On race day, NASCAR fans from around the country come to see the nation’s greatest race car drivers compete. It is the greatest competition in all of motorsports. Unfortunately, fans sometimes have to wait for the race to get interesting.
If there happens to be rain in the forecast on race day, NASCAR fans may not know when the race will begin. They know to expect one thing: a competition caution will come out shortly after the green flag flies.
This raises a question: if there are stages set at specific intervals, is there really a need for another competition caution?
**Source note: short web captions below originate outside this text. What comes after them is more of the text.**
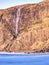 Popular waterfall in Talisker bay, Scotland. Popular destination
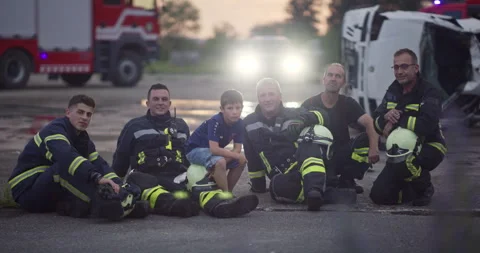 Brave Firefighters Team Walking to the Camera. In Background Paramedics and Video stock 247798598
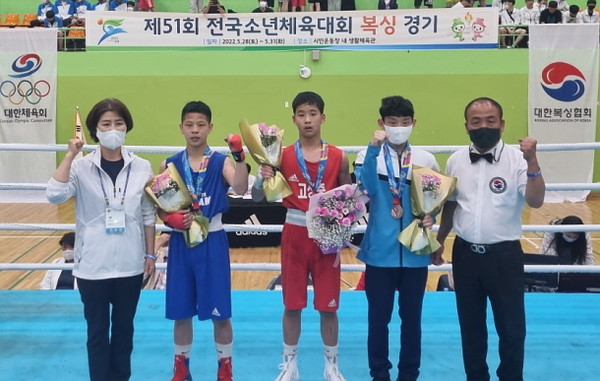 복싱종목에서 금메달을 획득한 문치윤학생이 김정애 교육장 및 은, 동메달을 획득한 선수들과 파이팅을 하고 있다.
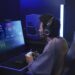 Gamer wearing the Audio-Technica ATH-M50xSTS-WL at a PC setup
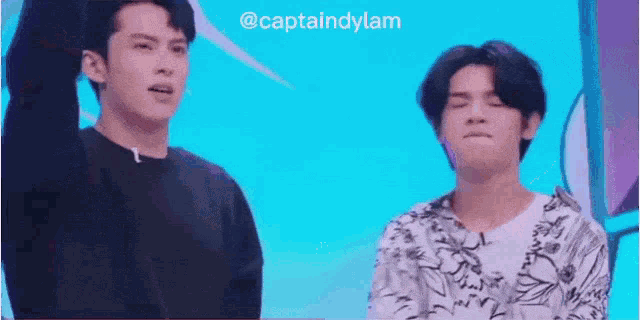 a couple of men standing next to each other on a stage .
Competition cautions don’t happen at every race. They only occur when it rains the night before or the day of the race. They usually will occur 20 laps into a race, although when they happen depends on the size of the track.
NASCAR does this to allow teams to check how their tires wear halfway into a run.
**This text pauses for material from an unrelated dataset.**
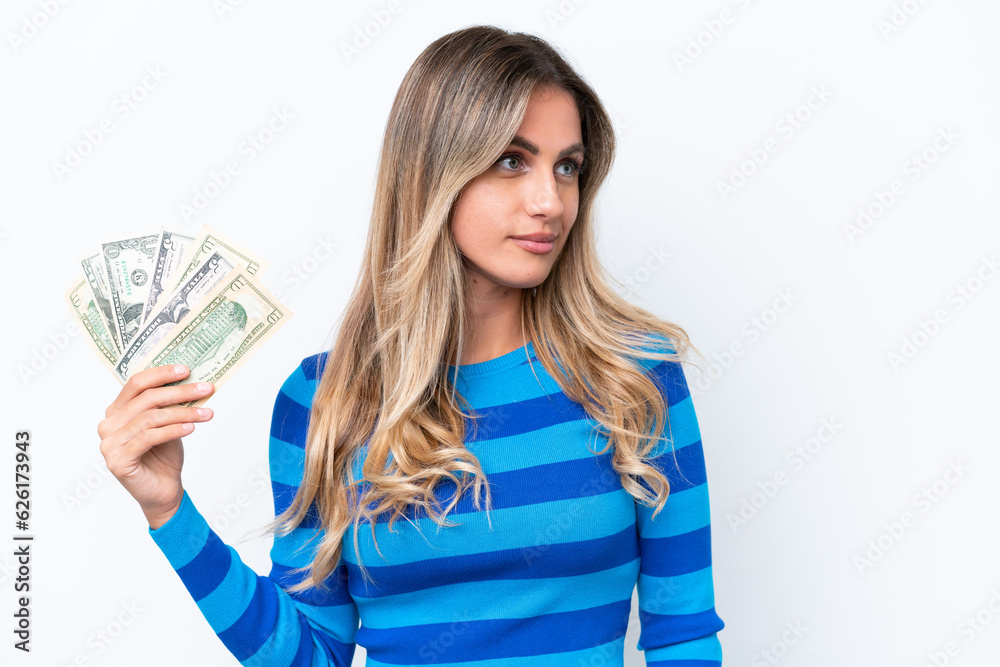 Young Uruguayan woman taking a lot of money isolated on white background looking to the side Young Uruguayan woman taking a lot of money isolated on white background looking to the side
NASCAR introduced stage racing last year. That created a lot of excitement during points in the race when fans wouldn’t necessarily expect it. At the end of each stage, the caution flag comes out. This allows teams to pit in exactly the same manner as a competition caution.
If NASCAR eliminated the competition caution, it would allow the drivers to focus on racing to their first pit stop rather than a caution. Fans turn out to see racing action on the track. After a long rain delay, a caution shortly after the start of a race can be disruptive to the fan experience. A green flag pit stop would provide a greater challenge for the teams while adding even more excitement for the fans.